A Deep Dive into Market Price of Risk

According to conventional economic theory, only an individual who anticipates outpacing the return on holding a risk-free asset would make an investment in a risky asset. Usually, volatility or the standard deviation of returns is used to calculate risk.


A stock’s market price of risk can be calculated by dividing the standard deviation of returns by the ratio of expected return over the risk-free interest rate. Remarkably, leverage has no effect on this amount. The market price of risk remains constant if you borrow money at the risk-free rate to invest in a risky asset, as both the expected return and the risk rise. This ratio is also the Sharpe ratio when appropriately annualised.

What is the market price of risk for an option on a stock, given that the stock has a given market price of risk? This is a natural question to ask. In the well-known Black-Scholes universe, where volatility is predictable and continuous and cost-free hedging is possible, the option’s market price of risk is equal to the equity’s underlying price. This has to do with the idea of a complete market, wherein options are superfluous as stock and cash can do the same job.

We frequently attempt to model quantities in derivatives theory as stochastic, or random. Risk follows randomness, and risk raises the question of how to value risk that is, what kind of return can we reasonably hope to obtain by taking a risk? Is the amount you are modelling traded directly in the market? is by far the most significant factor that determines the role of this market price of risk.
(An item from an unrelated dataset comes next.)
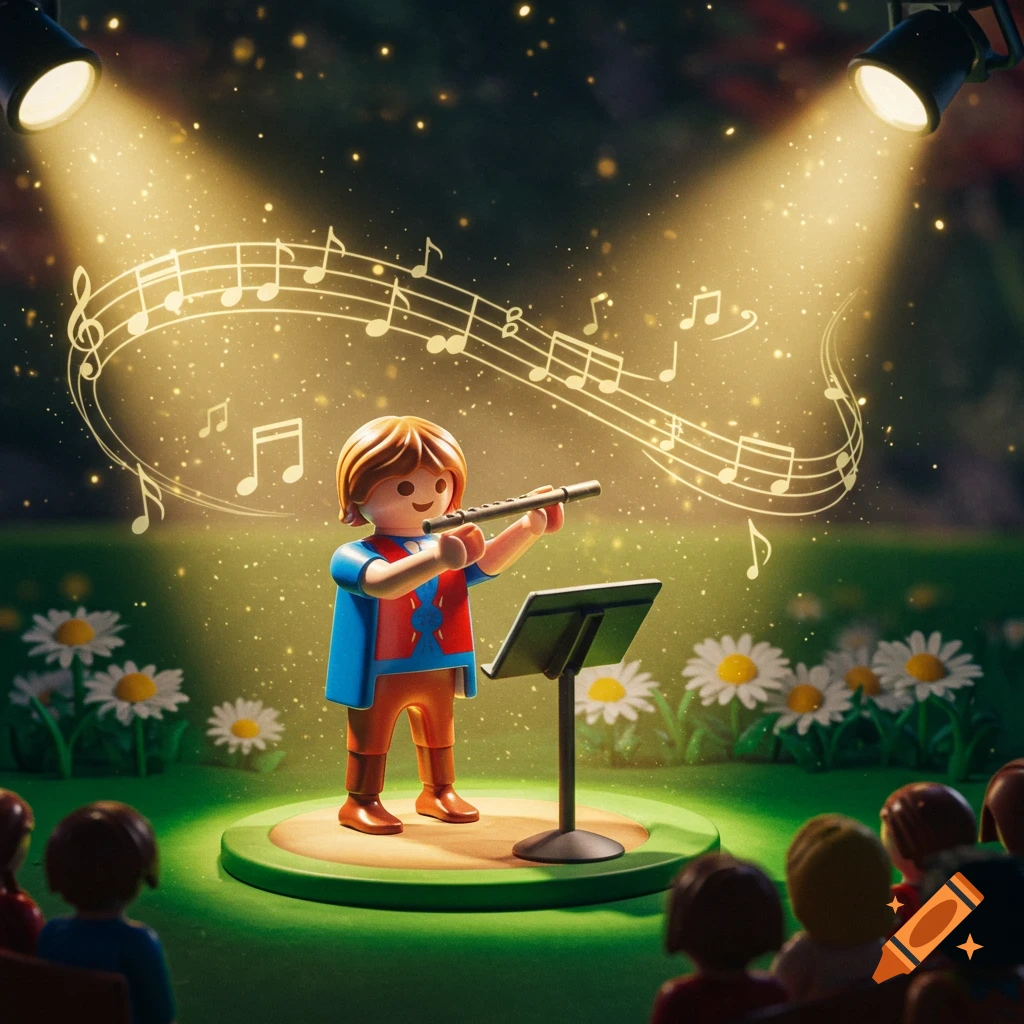 A Playmobil figure plays a flute on a stage illuminated by spotlights, with musical notes glowing around it.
Market Price of Risk and Hedging in Option Pricing

The Black-Scholes option pricing model does not include the market price of risk if the quantity is traded directly, with stocks being the most prominent example. This is due to the fact that you can dynamically buy and sell the underlying asset in an option position to reduce risk. The foundation of risk-neutral valuation is this.


By hedging, one can remove their exposure to both the market price of risk and the direction in which the asset is moving. If you examine the Black–Scholes equation, you will see this.
There, the growth rate and risk price are absent, and the only metric derived from the stock random walk is volatility.
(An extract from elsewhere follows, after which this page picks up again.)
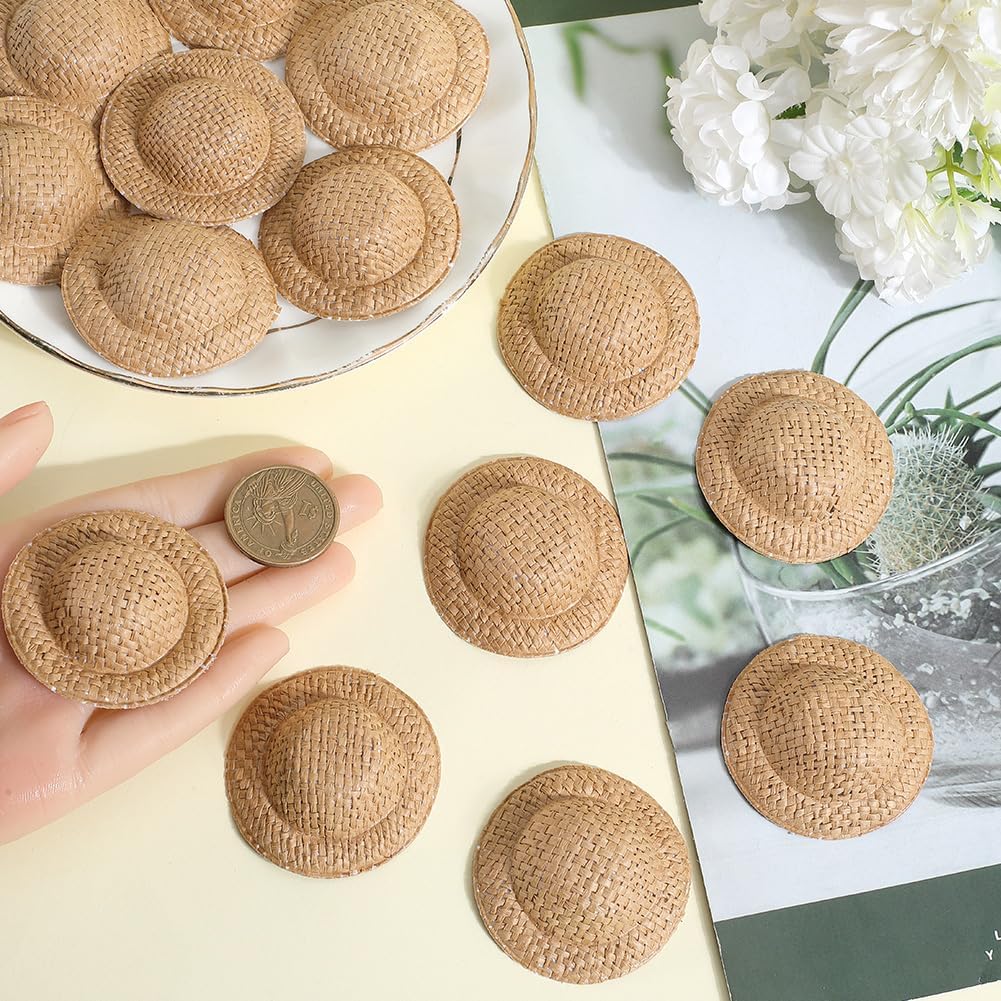 SUNNYCLUE 40Pcs Mini Woven Hat Miniature Straw Hats Bulk 2Inch Dark Goldenrod Knitting Cowboy Sombrero Decor Tiny Caps for DIY Craft Christmas Costume Party Ornament Jewelry Accessories Adults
In contrast, the option-pricing model will make explicit reference to the market price of risk if the modelled amount is not traded directly. This is true because associated risk cannot be hedged away.
Furthermore, since the risk cannot be hedged, you must determine how much additional return is required to offset the risk. In fact, whenever you cannot properly hedge, the market price of risk will usually show up in standard option-pricing models. Thus, be prepared for it to show up in the following scenarios:

  • when a quantity that is not traded is represented by a stochastic model. Examples include risk of default, interest rates (this is a subtle one, the spot rate is not traded), and stochastic volatility.
  • when hedging is not possible. Jump models, default models, and transaction costs are a few examples.

The equation regulating the pricing of derivatives is typically of diffusion form when modelling stochastically a quantity that is not traded, with the market price of risk appearing in the “drift” term with respect to the non-traded quantity. This is a general example to help illustrate the point.
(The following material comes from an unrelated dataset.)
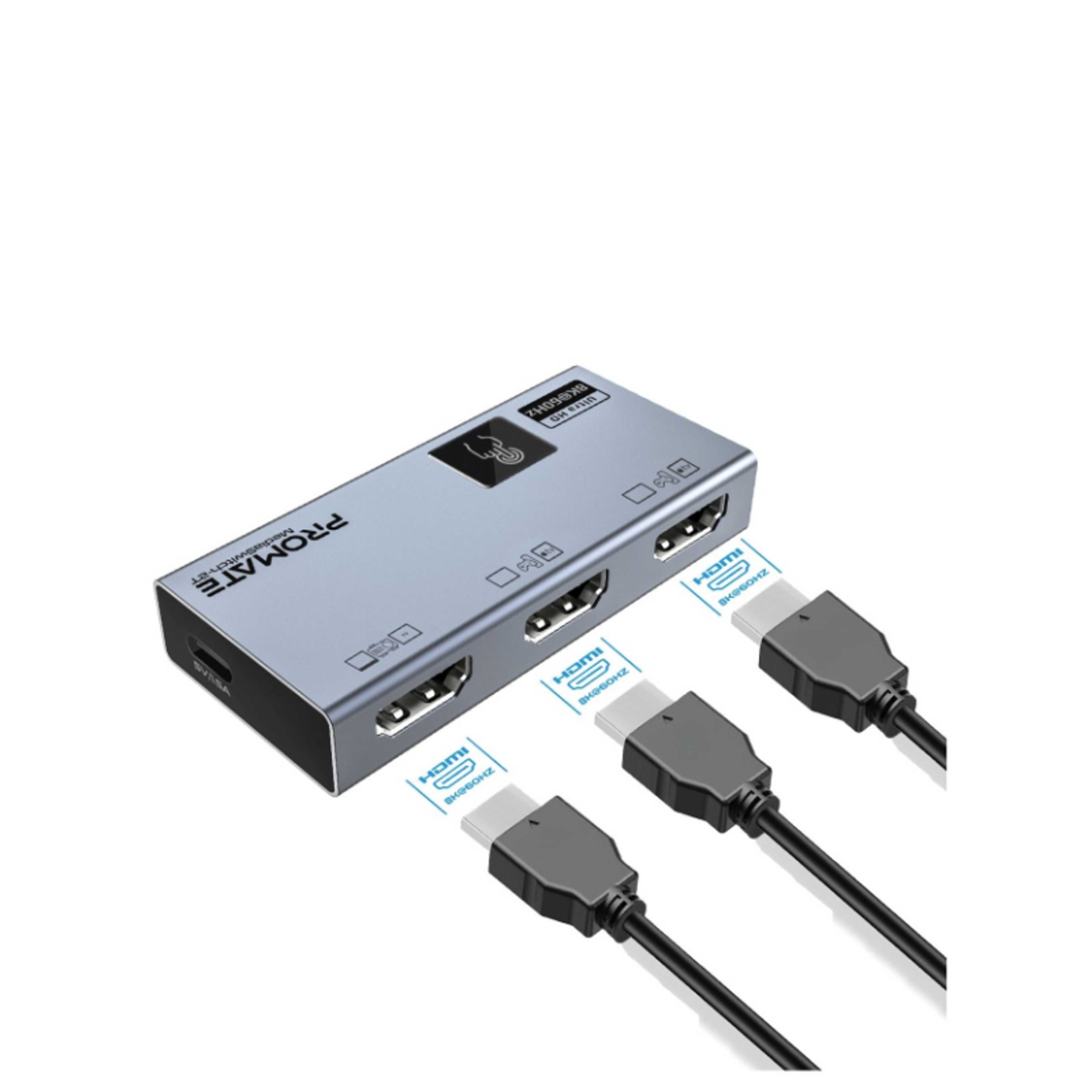 Promate 8K HDMI Switch, Portable 3 in-1 out HDMI Audio/Video Adaptor with 8K @60Hz Ultra HD Output, Triple HDMI Ports, Smart Touch Control, and Plug and Play support Grey - Product Main Image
Calibration vs. Reality: The Stochastic Market Price of Risk

Assume that the value of a quantity of a material known as phlogiston determines the price of an option. Phlogiston is not traded; however, either its value influences the underlying asset’s dynamics or the option’s payment is contingent on it. We represent phlogiston’s value as

d\Phi = \mu _{\Phi} dt + \sigma _{\Phi} dX_{\Phi}

Phlogiston risk has a market price of \lambda _{|Phi}. We shall arrive at an equation for an option in the conventional option-pricing models that contains the following term.

... + (\mu _{\Phi} - \lambda _{\Phi}\sigma _{\Phi}) \dfrac{\partial V}{\partial \Phi} + ... = 0

All the other terms that are often seen in an equation of the Black–Scholes type are represented by the dots. Note that the market price of phlogiston risk has been factored into the predicted change in phlogiston value, \mu _{\Phi}. This is referred to as the risk-neutral or risk-adjusted drift. Fortunately, we can keep using Monte Carlo simulation techniques for pricing as the governing equation is still of the diffusive type. Just don’t forget to run the risk-neutral random walk simulation.

d\Phi = (\mu _{\Phi}-\lambda _{\Phi} \sigma _{\Phi} ) dt + \sigma _{\Phi} dX_{\Phi}

and not the real one.

If you were to look at a times series of the value of any observable financial variable, you might theoretically estimate its true drift and volatility. However, how can the market price of risk be calculated? Only option prices provide information on the market price of risk. At this juncture, practice and sophisticated theory begin to diverge. The market price of risk seems like a cool method of determining how much more value is needed to accommodate risk.

Conclusion


Sadly, there is no calmness in the way the markets respond to danger. The relationship between the market price of interest rate risk and the slope of the yield curve, for instance, is very straightforward. However, data from this implies that the market price of risk is stochastic in and of itself, and that it ought to be modelled stochastically as well.

Keep in mind that you frequently accurately calibrate the market price of risk when you tune a model to the prices of available options. However, that is usually only a moment in time captured in a snapshot. Calibration will not work if the market price of risk is random and reflects people’s fluctuating sentiments from fear to greed and back again. This is because you are assuming something that is highly mobile.

Certain models do not include the market price of risk since they usually utilise some kind of utility theory technique to determine an individual’s pricing for an instrument instead of the price set by the market.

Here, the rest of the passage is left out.